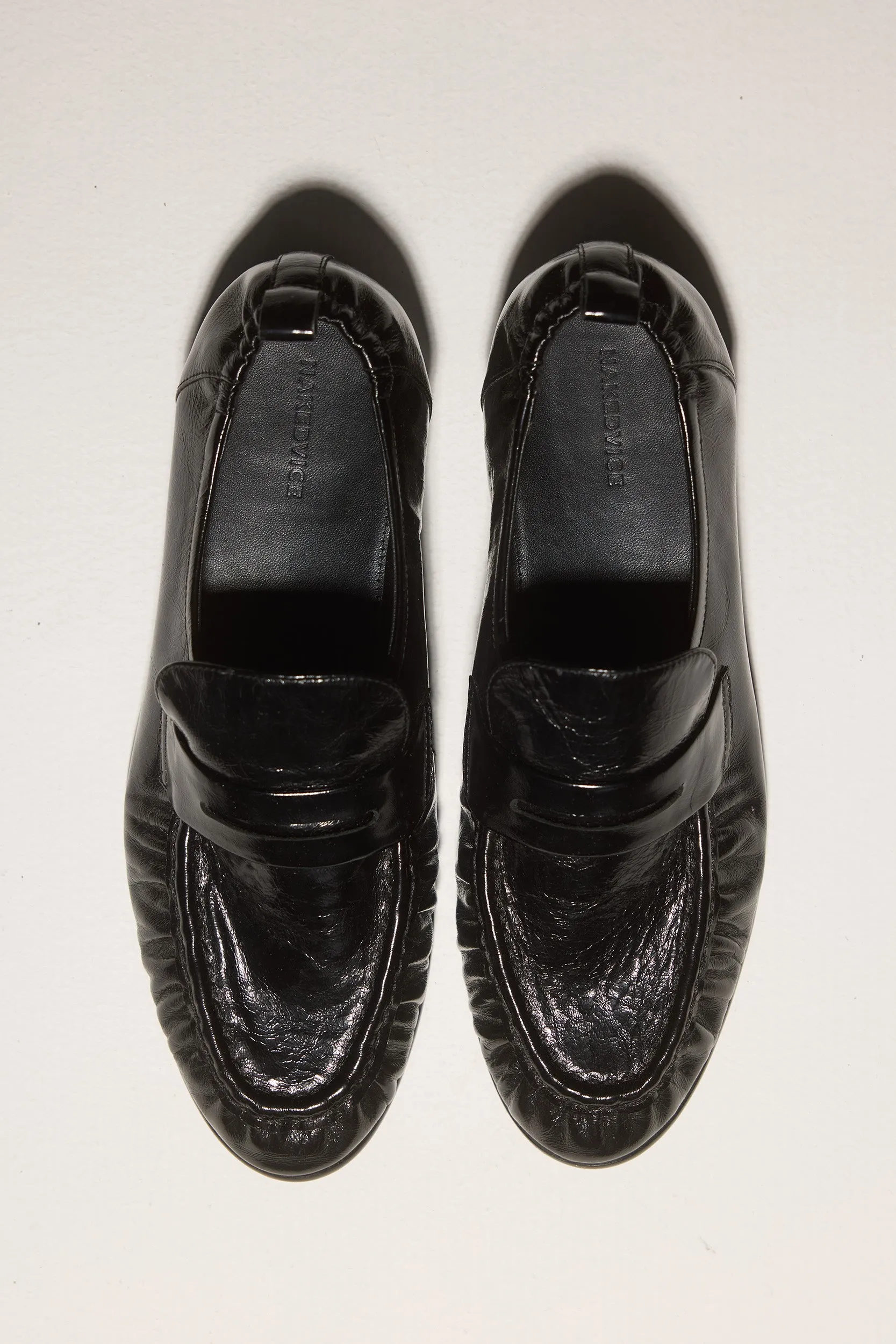 THE CAMDEN BLACK LOAFER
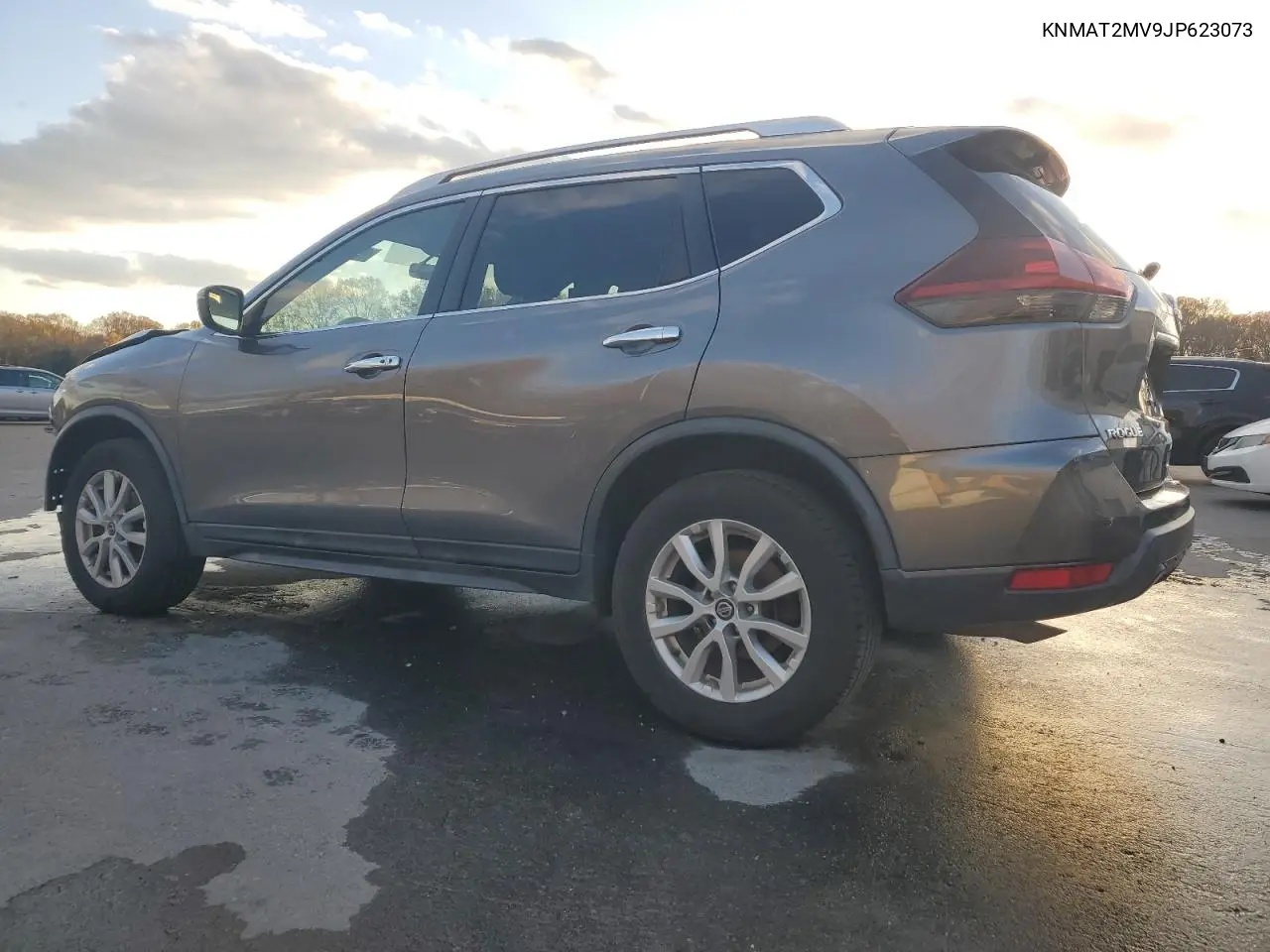 KNMAT2MV9JP623073 2018 Nissan Rogue S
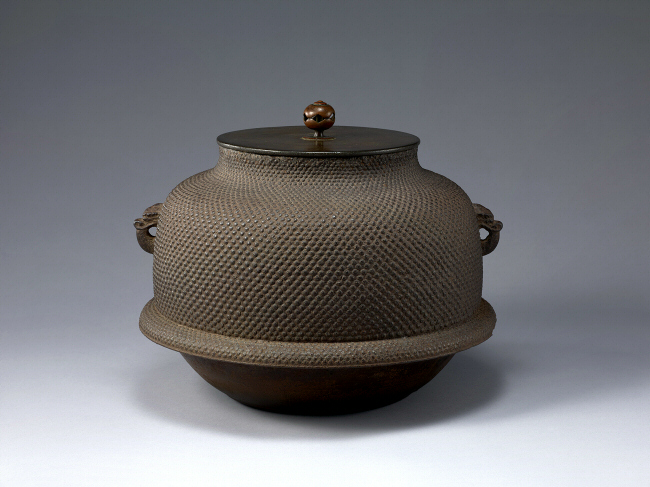 茶の湯釜の名器「芦屋釜」の復興に挑む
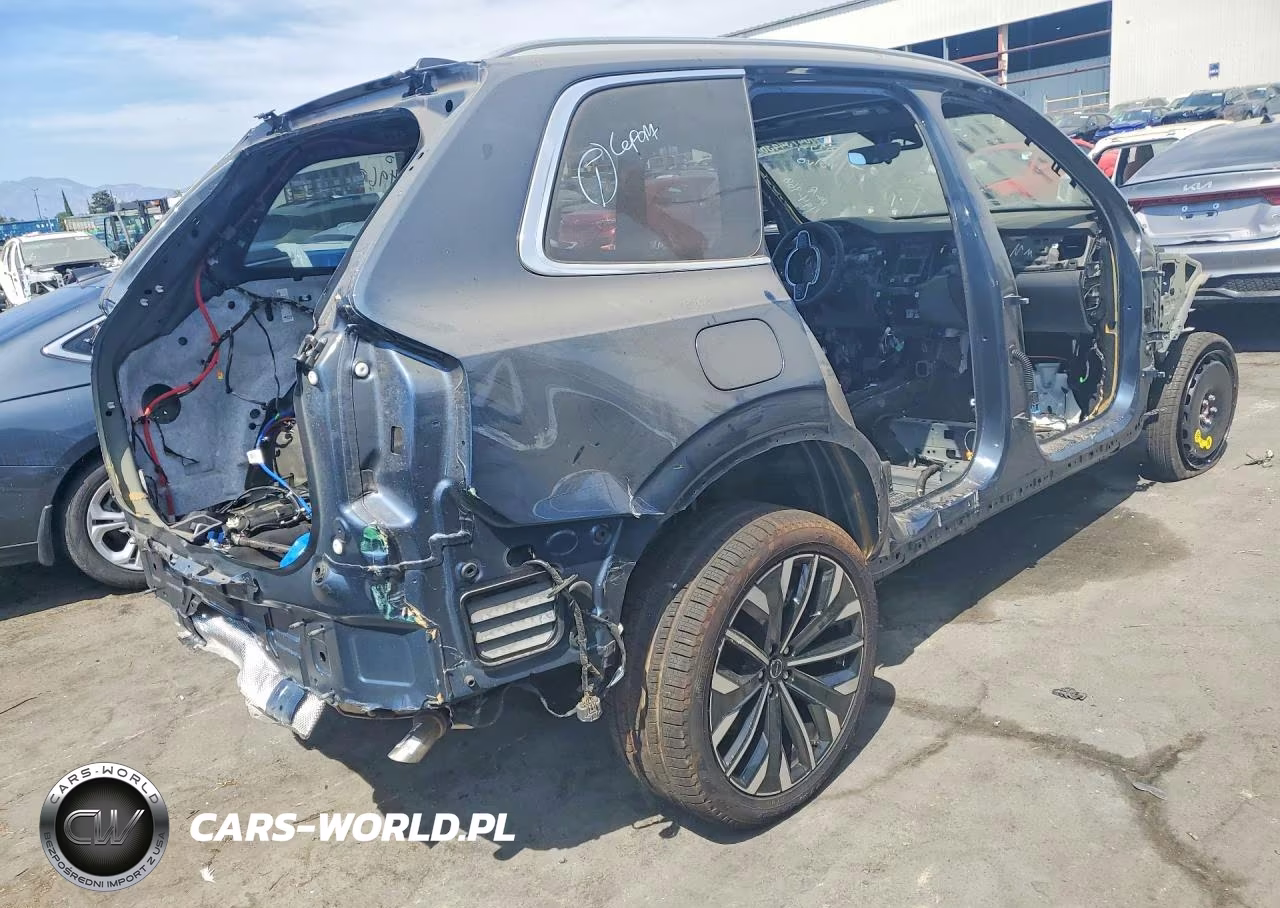 2026 Volvo Xc90 Plus VIN:YV4M12PE1T1494960 - 3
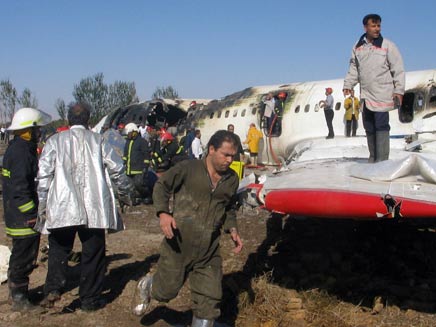מטוס אירני מסוג טופולוב שהתרסק באירן (צילום: חדשות 2)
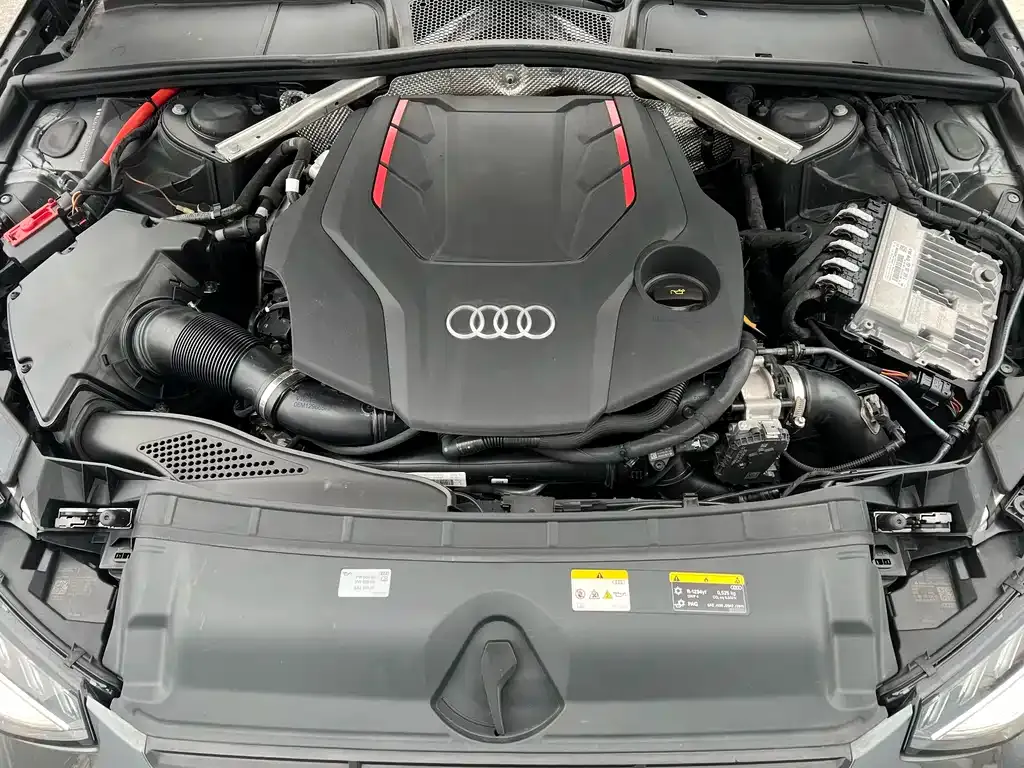 Audi S4 — фото 2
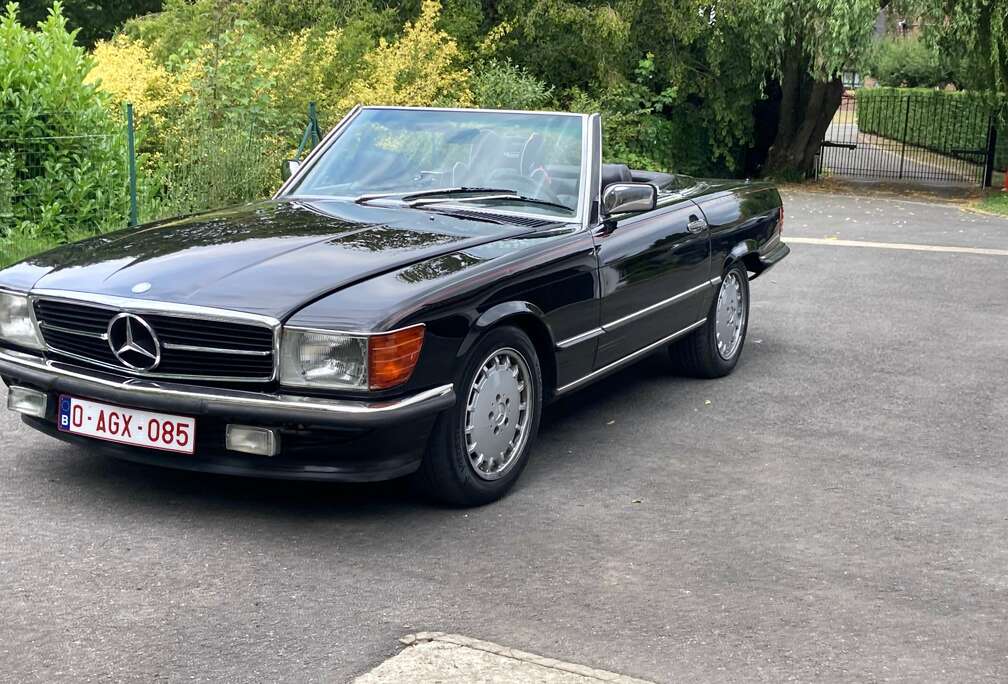 Mercedes-Benz R107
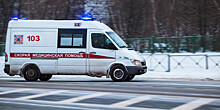 Карета скорой помощи с пациентом застряла в заснеженном дворе в Ижевске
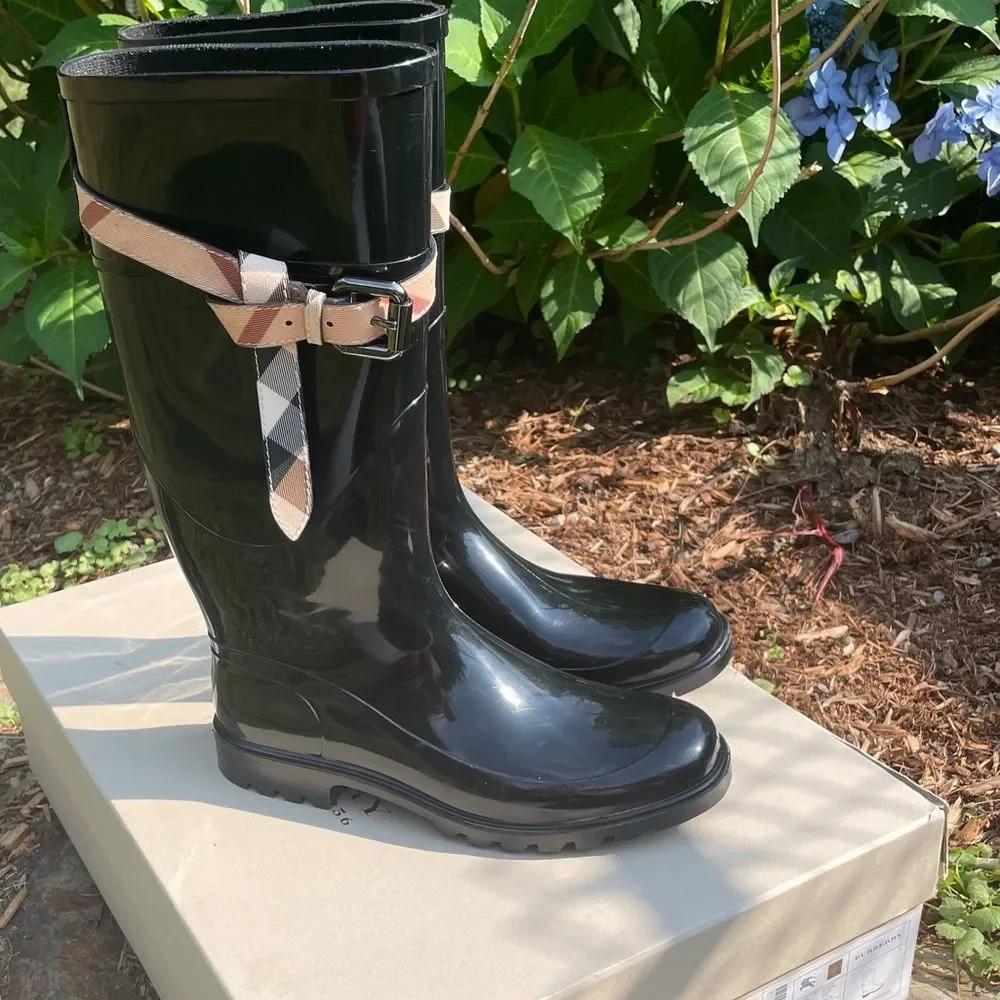 Burberry Kenyon Nova Check Belt Rain Snow Black Rubber Rain Boots Size 38/8 - Picture 2 of 14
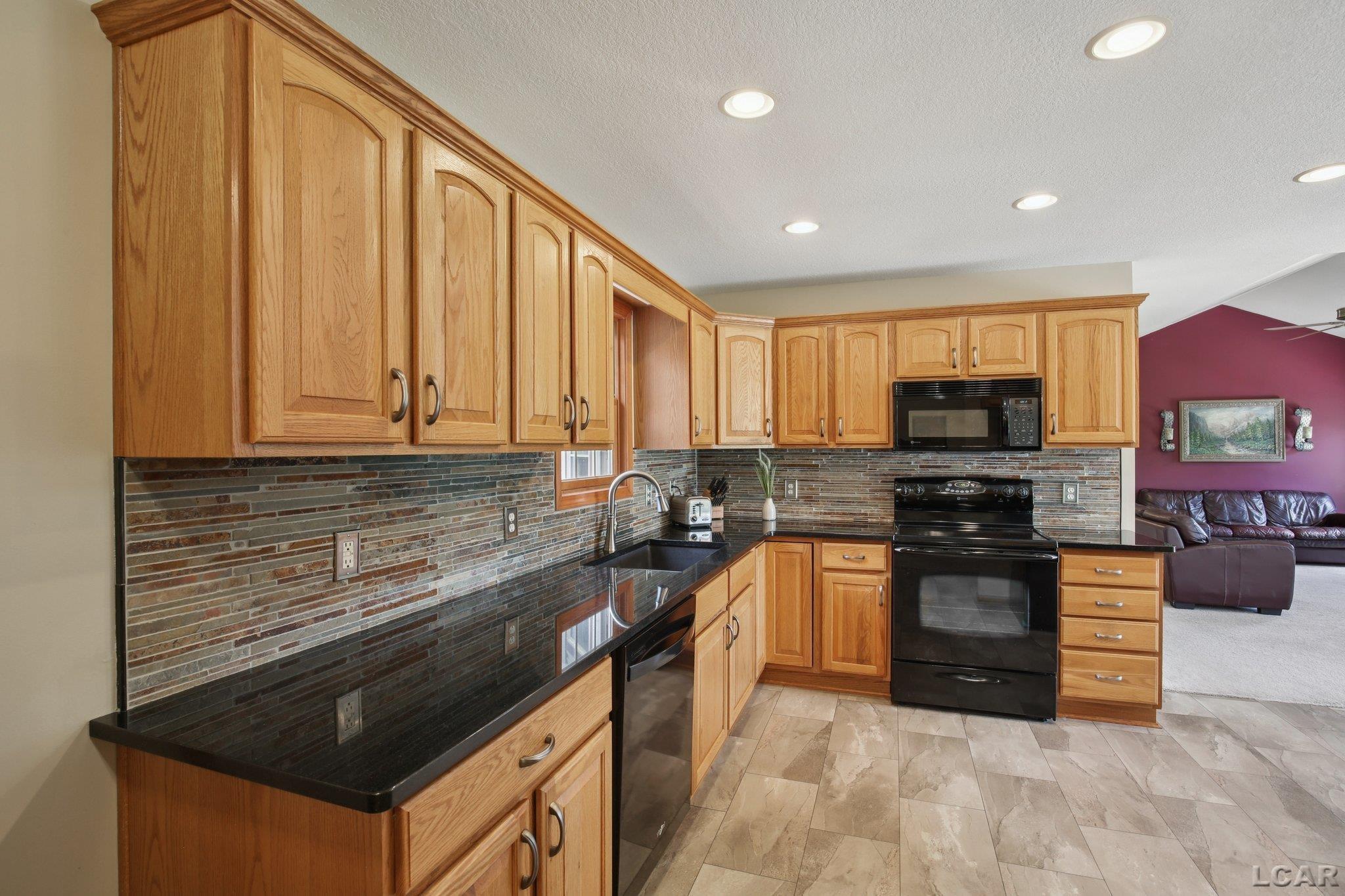 6235 Pocklington Road Britton, MI 49229 - Photo 17 of 72 50179830-e4676c15-2214-413d-adc8-c7e017530bd2.JPG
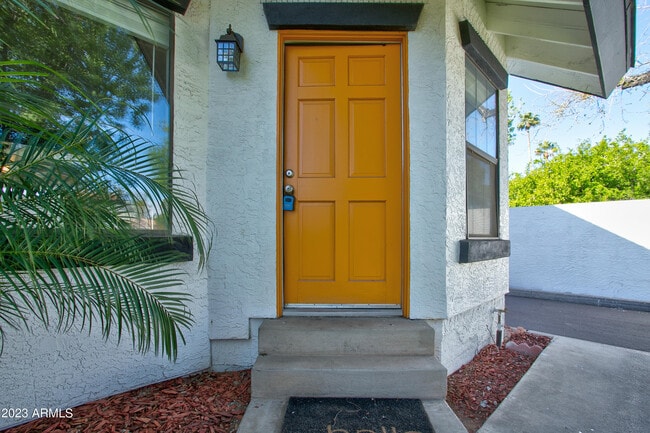 Building Photo - 2215 W Augusta Ave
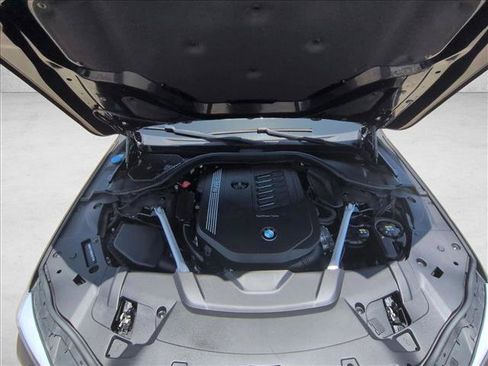 Used 2022 BMW 740i w/ Premium Package RWD image 23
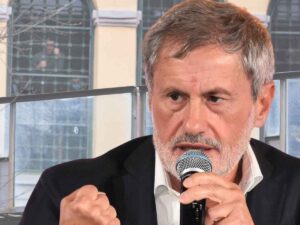 L'ex sindaco di Roma Gianni Alemanno, sullo sfondo il carcere di Rebibbia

**Assignment**.
All that should be printed is the lines from the one containing "KNMAT2MV9JP623073 2018 Nissan Rogue S" through the last line of the material above, both ends included, exactly as they stand; please skip the pictures.

**Expected output**.
 KNMAT2MV9JP623073 2018 Nissan Rogue S
 茶の湯釜の名器「芦屋釜」の復興に挑む
 2026 Volvo Xc90 Plus VIN:YV4M12PE1T1494960 - 3
מטוס אירני מסוג טופולוב שהתרסק באירן (צילום: חדשות 2)
 Audi S4 — фото 2
 Mercedes-Benz R107
 Карета скорой помощи с пациентом застряла в заснеженном дворе в Ижевске
 Burberry Kenyon Nova Check Belt Rain Snow Black Rubber Rain Boots Size 38/8 - Picture 2 of 14
 6235 Pocklington Road Britton, MI 49229 - Photo 17 of 72 50179830-e4676c15-2214-413d-adc8-c7e017530bd2.JPG
 Building Photo - 2215 W Augusta Ave
 Used 2022 BMW 740i w/ Premium Package RWD image 23
 L'ex sindaco di Roma Gianni Alemanno, sullo sfondo il carcere di Rebibbia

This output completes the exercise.